Task item: Word for word, restate all of the data shown below.

The input:
^^^^^^^^

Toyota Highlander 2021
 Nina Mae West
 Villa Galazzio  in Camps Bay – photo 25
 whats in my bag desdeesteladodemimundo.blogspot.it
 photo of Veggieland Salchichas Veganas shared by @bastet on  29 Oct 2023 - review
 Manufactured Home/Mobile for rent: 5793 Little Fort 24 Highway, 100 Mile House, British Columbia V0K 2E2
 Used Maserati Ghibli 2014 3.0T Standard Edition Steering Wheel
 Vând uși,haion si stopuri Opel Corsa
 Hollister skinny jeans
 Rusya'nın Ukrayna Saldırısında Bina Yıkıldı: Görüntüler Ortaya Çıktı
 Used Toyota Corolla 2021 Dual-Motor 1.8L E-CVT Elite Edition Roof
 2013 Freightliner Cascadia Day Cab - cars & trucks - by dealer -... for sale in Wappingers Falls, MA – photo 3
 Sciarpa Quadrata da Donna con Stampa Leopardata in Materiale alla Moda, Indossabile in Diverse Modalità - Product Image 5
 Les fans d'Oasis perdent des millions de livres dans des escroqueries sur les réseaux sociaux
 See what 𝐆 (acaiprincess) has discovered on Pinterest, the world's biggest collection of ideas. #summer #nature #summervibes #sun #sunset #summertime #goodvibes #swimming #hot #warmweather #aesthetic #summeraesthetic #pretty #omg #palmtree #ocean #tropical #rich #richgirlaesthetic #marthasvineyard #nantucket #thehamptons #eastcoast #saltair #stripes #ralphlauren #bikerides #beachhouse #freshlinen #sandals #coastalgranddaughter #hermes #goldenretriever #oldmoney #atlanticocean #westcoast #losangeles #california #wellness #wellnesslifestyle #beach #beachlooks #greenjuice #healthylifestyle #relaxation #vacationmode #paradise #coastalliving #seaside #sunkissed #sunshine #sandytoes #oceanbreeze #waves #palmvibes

^^^^^^^^

Exercise answer:
Toyota Highlander 2021
 Nina Mae West
 Villa Galazzio  in Camps Bay – photo 25
 whats in my bag desdeesteladodemimundo.blogspot.it
 photo of Veggieland Salchichas Veganas shared by @bastet on  29 Oct 2023 - review
 Manufactured Home/Mobile for rent: 5793 Little Fort 24 Highway, 100 Mile House, British Columbia V0K 2E2
 Used Maserati Ghibli 2014 3.0T Standard Edition Steering Wheel
 Vând uși,haion si stopuri Opel Corsa
 Hollister skinny jeans
 Rusya'nın Ukrayna Saldırısında Bina Yıkıldı: Görüntüler Ortaya Çıktı
 Used Toyota Corolla 2021 Dual-Motor 1.8L E-CVT Elite Edition Roof
 2013 Freightliner Cascadia Day Cab - cars & trucks - by dealer -... for sale in Wappingers Falls, MA – photo 3
 Sciarpa Quadrata da Donna con Stampa Leopardata in Materiale alla Moda, Indossabile in Diverse Modalità - Product Image 5
 Les fans d'Oasis perdent des millions de livres dans des escroqueries sur les réseaux sociaux
 See what 𝐆 (acaiprincess) has discovered on Pinterest, the world's biggest collection of ideas. #summer #nature #summervibes #sun #sunset #summertime #goodvibes #swimming #hot #warmweather #aesthetic #summeraesthetic #pretty #omg #palmtree #ocean #tropical #rich #richgirlaesthetic #marthasvineyard #nantucket #thehamptons #eastcoast #saltair #stripes #ralphlauren #bikerides #beachhouse #freshlinen #sandals #coastalgranddaughter #hermes #goldenretriever #oldmoney #atlanticocean #westcoast #losangeles #california #wellness #wellnesslifestyle #beach #beachlooks #greenjuice #healthylifestyle #relaxation #vacationmode #paradise #coastalliving #seaside #sunkissed #sunshine #sandytoes #oceanbreeze #waves #palmvibes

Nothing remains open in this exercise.